Chilean politician (born 1953)

Erick Alonso Villegas González (born 11 November 1953) is a Chilean politician who served as a deputy.

==Biography==
He was born on 11 November 1953 in Copiapó, the son of Lucio Artemio Villegas Alfaro and Ester González Gallardo. He is married to Jasna Pavlich Núñez and is the father of three children.

He completed his studies at the Liceo Católico Atacama in his hometown. He later studied Law at the Pontifical Catholic University of Chile. He was admitted as a lawyer before the Supreme Court of Chile on 29 December 1980.

==Political career==
He began his political activities at the age of 15, when he joined the Christian Democratic Party.

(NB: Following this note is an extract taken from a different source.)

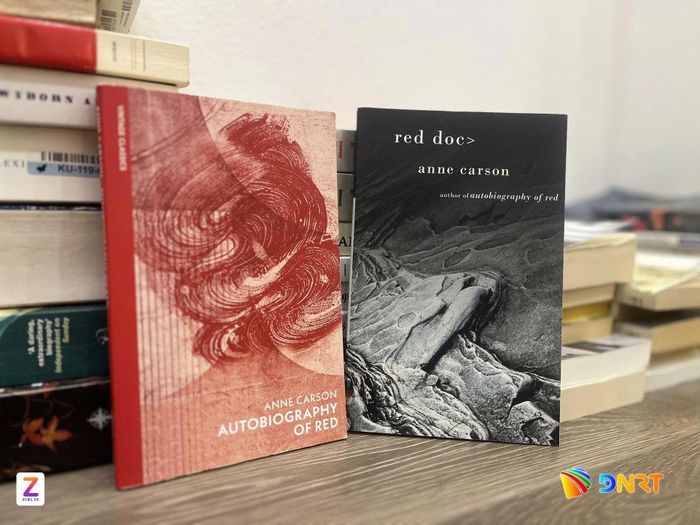 Hai trong số các tác phẩm nổi bật của Anne Carson. Ảnh: MINH HÙNG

As a student, he founded and later presided over the Federación Única de Estudiantes Particulares de Atacama. He also led the creation of the Fundación Eduardo Frei Montalva in Copiapó.

In his professional career, he worked as lawyer for the Vicariate of Solidarity.

In the 1993 parliamentary elections, he was elected Deputy for District No. 5—comprising the communes of Chañaral, Diego de Almagro and Copiapó in the Atacama Region—for the 1994–1998 term, representing the Christian Democratic Party, obtaining the highest district majority with 19,090 votes (28.94% of valid votes).

In 1997, he did not seek re-election. In 2001, he ran for the Senate representing the Christian Democratic Party for the Third Circumscription, Atacama Region, but was not elected. In 2005, he made another attempt to return to the Chamber of Deputies for District No. 5, Atacama Region, but was not elected.